Best season: 3 (shocking, I know)
Best episode: “Part 8” (oh, you can figure it out)
3. The OA (2016-19)
There was plenty of self-consciously “weird” TV this decade, but The OA is separated from them because there is nothing self-conscious about it. This isn’t a show playing to the tropes of surrealism for applause, never thinking it’s “smart” for doing what it does. It totally and completely believed in its convictions, which made it both utterly wonderful and unsurprisingly difficult to process. The cynicism and ridicule to art sincerely going places is a response I will never understand when something believes in its worldview so completely. The OA certainly fits among many of its peers as a diverse text, but creators Brit Marling and Zal Batmanglij take it further and argue that it’s part of a greater truth fundamental to the human spirit. You were too good for this world, OA.
Best season: 2
Best episode: “The Medium & the Engineer” (season 2, episode 5)
2. Mad Men (2007-15, only episodes from season 4 onwards counted)
In the later years of Mad Men’s run, there was a criticism commonly heard that the post-Sterling Cooper era, the section of the show eligible for this list, was a little too writerly for its own good, that it forgot to engage in the more straightforward elements that made it so enjoyable in the first place. I always felt this was an unfair criticism, and I personally found the show’s surface pleasures only grew over time. What it did become was more abstract, as the staid early 60s led to the counter culture we all know about from that decade, with Mad Men deftly following along and becoming a slightly different show. The second half of Mad Men was the more absurd, more experimental half, and thus obviously my preference. There seemed to be a growing divide this decade between very serious prestige drama TV and weird auteurist experiments. Mad Men was the one show able to do both at the same time better than anything else.
Best season: 5
Best episode: “Lady Lazarus” (season 5, episode 8)
1. Community (2009-15)
On the face of it, declaring Community to be my number one show of the decade feels ridiculous. Let’s start with the way the show fell apart in the fourth season before rebounding to merely solid fifth and sixth years. Then you deal with the way that, even in its best years, it had a tendency to drop more than a few stinkers every season. And that’s before you get into the very real way some of its humour looks rather less cute and more problematic in 2019, and its continual sexualisation of Annie while being strangely passive-aggressive in romantically pairing her with the much older Jeff. There’s a lot to justly dislike about Community.

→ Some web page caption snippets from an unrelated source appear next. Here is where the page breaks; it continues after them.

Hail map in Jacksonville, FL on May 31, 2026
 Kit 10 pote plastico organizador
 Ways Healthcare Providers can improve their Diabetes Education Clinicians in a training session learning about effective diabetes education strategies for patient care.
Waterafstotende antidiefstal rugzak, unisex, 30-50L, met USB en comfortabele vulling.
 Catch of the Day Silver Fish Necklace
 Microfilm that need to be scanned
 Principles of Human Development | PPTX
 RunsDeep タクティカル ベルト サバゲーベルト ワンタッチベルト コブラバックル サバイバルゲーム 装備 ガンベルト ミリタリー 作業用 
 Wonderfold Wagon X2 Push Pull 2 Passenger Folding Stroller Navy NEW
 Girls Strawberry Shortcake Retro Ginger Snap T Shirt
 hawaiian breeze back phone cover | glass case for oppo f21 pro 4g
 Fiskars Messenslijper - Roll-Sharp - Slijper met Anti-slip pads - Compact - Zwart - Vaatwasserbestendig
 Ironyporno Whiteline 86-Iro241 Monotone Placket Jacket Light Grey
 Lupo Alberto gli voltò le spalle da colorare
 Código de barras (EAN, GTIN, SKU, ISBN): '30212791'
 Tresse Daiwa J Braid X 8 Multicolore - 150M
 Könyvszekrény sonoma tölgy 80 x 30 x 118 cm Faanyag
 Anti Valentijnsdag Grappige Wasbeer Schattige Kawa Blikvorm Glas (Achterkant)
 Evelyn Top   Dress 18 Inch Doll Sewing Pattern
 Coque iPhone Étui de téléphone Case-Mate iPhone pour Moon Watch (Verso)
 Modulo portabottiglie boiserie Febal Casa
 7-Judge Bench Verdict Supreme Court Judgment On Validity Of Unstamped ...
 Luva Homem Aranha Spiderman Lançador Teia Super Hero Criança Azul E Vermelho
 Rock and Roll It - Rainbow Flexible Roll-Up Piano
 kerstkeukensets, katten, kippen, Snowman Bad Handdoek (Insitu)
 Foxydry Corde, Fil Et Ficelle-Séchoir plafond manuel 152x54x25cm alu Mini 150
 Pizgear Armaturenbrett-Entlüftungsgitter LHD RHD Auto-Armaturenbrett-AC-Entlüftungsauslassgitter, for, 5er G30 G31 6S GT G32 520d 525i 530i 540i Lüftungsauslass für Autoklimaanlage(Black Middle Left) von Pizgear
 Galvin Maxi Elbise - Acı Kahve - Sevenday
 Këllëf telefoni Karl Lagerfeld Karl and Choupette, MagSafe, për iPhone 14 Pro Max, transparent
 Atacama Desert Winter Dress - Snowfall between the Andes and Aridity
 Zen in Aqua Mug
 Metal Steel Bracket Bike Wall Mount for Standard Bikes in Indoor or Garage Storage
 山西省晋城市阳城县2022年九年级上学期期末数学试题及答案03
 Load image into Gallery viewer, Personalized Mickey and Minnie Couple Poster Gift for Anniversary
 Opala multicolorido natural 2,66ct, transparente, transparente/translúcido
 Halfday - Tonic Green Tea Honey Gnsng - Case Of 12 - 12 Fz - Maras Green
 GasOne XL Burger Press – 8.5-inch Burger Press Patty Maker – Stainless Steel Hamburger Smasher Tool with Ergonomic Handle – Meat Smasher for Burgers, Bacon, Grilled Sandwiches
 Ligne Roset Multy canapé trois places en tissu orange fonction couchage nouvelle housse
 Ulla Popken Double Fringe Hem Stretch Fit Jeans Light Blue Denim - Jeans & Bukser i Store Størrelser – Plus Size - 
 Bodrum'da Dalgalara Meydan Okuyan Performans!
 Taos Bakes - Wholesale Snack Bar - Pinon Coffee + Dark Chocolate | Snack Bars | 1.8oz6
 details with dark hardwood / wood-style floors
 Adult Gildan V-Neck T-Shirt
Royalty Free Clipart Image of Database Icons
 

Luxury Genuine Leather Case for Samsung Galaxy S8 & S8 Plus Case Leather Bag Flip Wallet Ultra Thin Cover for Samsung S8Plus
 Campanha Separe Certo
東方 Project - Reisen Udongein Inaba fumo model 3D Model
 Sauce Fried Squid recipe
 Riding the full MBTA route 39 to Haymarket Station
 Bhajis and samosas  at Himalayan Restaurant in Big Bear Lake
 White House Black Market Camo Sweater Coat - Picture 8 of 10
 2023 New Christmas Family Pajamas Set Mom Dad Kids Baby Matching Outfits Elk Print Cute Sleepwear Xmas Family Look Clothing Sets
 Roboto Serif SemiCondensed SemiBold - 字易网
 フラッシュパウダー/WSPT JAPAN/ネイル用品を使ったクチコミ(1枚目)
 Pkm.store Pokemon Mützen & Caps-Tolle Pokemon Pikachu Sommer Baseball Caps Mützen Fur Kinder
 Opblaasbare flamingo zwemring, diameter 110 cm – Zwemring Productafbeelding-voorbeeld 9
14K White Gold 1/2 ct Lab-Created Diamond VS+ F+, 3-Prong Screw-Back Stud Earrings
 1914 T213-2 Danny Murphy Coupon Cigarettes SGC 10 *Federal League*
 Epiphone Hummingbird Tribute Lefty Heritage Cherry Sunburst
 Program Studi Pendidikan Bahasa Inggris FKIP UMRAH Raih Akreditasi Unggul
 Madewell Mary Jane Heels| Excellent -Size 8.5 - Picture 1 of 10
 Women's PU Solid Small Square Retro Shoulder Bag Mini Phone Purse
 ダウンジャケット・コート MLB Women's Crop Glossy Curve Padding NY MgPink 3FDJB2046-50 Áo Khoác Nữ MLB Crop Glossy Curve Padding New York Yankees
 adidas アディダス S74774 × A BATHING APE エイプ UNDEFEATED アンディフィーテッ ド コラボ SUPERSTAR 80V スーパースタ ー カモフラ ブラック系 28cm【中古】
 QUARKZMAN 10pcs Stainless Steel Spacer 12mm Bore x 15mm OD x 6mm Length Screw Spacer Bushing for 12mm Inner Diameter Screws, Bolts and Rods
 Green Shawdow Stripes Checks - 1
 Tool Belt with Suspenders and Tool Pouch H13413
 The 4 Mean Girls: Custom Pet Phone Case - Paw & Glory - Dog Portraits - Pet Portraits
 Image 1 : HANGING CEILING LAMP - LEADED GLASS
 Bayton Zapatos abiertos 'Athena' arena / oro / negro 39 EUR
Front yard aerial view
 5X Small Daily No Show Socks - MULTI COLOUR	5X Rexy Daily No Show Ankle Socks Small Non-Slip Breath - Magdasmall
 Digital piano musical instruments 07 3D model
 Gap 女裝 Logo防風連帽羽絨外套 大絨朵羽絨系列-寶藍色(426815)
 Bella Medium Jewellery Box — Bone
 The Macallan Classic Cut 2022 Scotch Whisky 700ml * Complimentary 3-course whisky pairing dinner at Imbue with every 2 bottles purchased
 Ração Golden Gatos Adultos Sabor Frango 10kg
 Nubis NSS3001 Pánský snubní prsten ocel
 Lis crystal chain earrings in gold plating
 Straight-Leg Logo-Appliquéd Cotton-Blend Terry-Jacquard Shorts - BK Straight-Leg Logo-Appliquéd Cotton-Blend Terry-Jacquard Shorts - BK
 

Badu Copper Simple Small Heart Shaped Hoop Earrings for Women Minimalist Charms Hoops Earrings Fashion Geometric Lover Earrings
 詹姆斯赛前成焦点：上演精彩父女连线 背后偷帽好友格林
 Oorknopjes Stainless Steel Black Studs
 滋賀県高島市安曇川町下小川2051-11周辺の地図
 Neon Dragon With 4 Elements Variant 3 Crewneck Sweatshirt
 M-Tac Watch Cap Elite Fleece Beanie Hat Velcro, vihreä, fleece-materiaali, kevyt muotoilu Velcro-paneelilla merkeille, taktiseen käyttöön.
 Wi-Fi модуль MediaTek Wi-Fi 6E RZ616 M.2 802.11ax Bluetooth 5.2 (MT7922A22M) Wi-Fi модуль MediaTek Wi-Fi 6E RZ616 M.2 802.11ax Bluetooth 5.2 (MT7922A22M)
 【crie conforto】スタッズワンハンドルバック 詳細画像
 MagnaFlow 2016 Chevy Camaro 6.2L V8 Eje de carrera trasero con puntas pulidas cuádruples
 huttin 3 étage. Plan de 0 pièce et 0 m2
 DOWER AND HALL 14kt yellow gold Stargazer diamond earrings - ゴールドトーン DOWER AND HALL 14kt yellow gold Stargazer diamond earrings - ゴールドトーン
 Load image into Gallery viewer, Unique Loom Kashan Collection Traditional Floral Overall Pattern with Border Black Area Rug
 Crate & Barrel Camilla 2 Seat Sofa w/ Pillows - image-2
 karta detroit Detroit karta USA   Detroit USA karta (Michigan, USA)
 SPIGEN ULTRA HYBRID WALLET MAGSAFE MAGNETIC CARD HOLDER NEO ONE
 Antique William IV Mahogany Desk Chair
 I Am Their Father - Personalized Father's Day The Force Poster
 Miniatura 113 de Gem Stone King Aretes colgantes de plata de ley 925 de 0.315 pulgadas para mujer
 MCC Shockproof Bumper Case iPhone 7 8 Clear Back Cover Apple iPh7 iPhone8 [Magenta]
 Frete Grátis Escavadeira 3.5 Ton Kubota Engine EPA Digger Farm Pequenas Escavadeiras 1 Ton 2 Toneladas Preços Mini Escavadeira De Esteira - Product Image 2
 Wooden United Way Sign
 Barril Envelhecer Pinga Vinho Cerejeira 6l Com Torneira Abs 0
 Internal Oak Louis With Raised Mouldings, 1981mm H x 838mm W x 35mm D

But it must be my favourite show of this decade because it’s the purest illustration of what TV can do as a medium. It was able to break into all sorts of formal experiments because it had a format and a weekly slot. It built up a place we wanted to visit every week. But above all else, it brought people together, both on and off screen. Community was so steeped in its own culture that discovering like-minded people who loved it felt important. It was the show that spoke to me the most deeply in the 2010s.
In a decade that proved in many ways so alienating, Community made me feel more human.